Material provided:
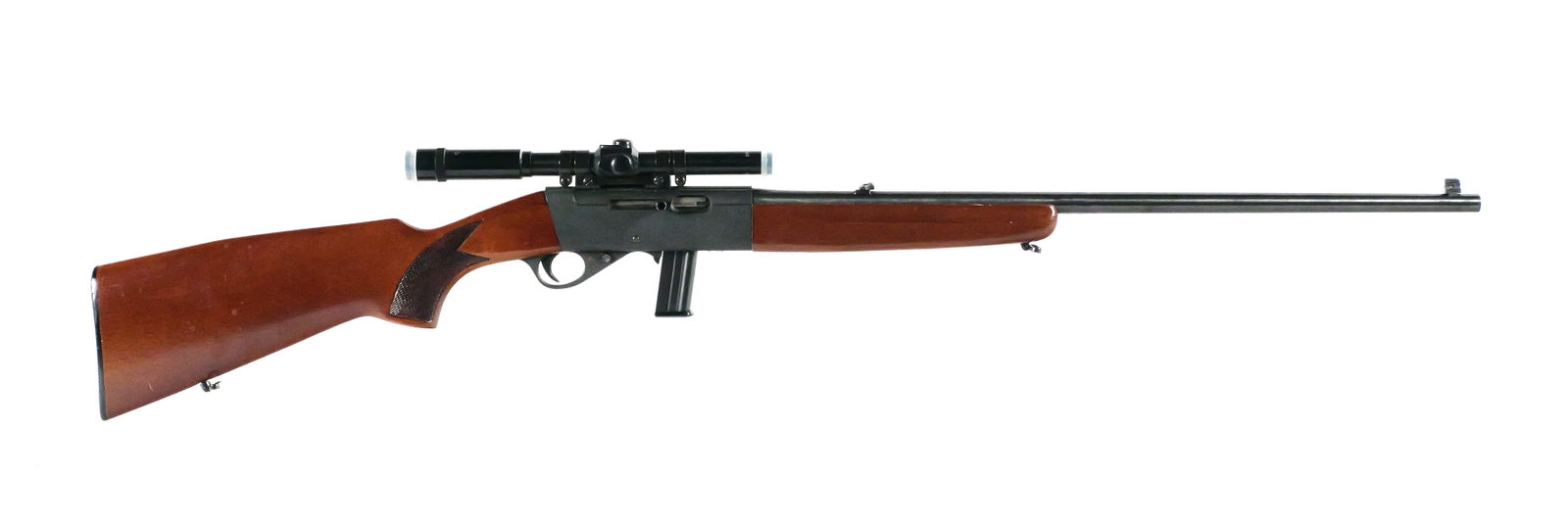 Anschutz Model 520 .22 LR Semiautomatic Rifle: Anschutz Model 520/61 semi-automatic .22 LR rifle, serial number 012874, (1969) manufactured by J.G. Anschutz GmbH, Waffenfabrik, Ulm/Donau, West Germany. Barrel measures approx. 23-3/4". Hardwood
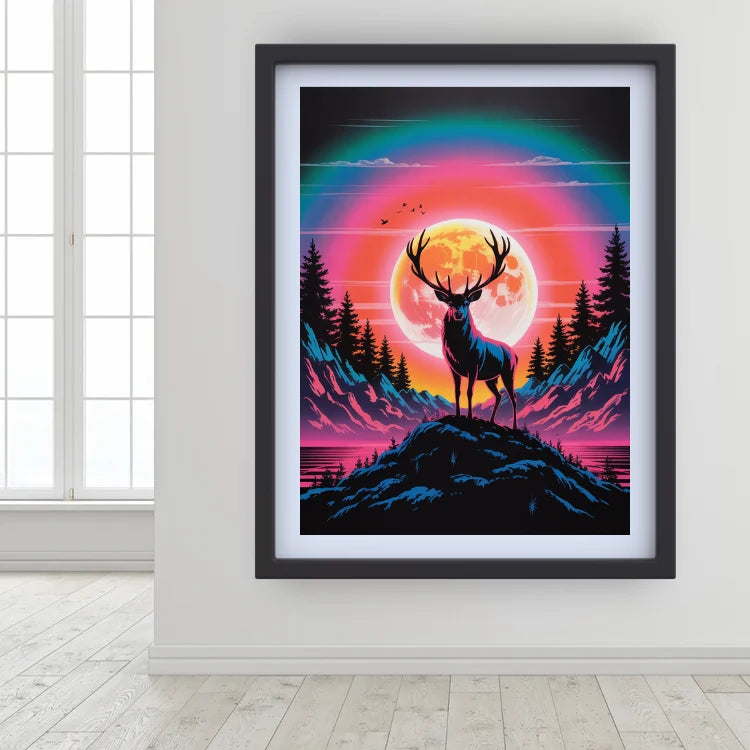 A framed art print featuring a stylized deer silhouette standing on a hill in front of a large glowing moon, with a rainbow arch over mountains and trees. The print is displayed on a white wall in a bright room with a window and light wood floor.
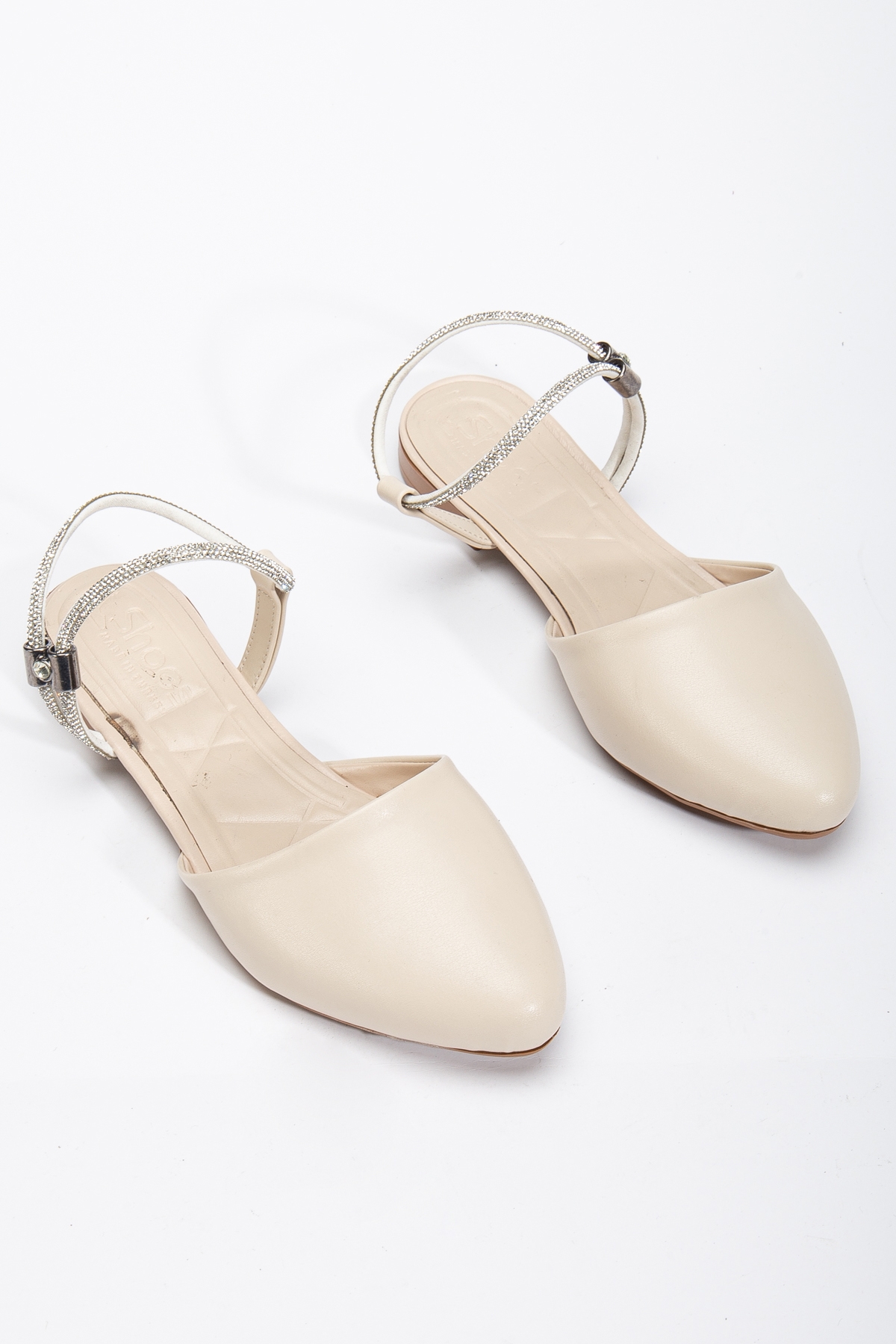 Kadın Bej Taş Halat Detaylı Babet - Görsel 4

Work request: The lines needed are those from the one containing "A framed art" through the end of the listing, given again word for word and without any picture.

Reply to the task:
 A framed art print featuring a stylized deer silhouette standing on a hill in front of a large glowing moon, with a rainbow arch over mountains and trees. The print is displayed on a white wall in a bright room with a window and light wood floor.
 Kadın Bej Taş Halat Detaylı Babet - Görsel 4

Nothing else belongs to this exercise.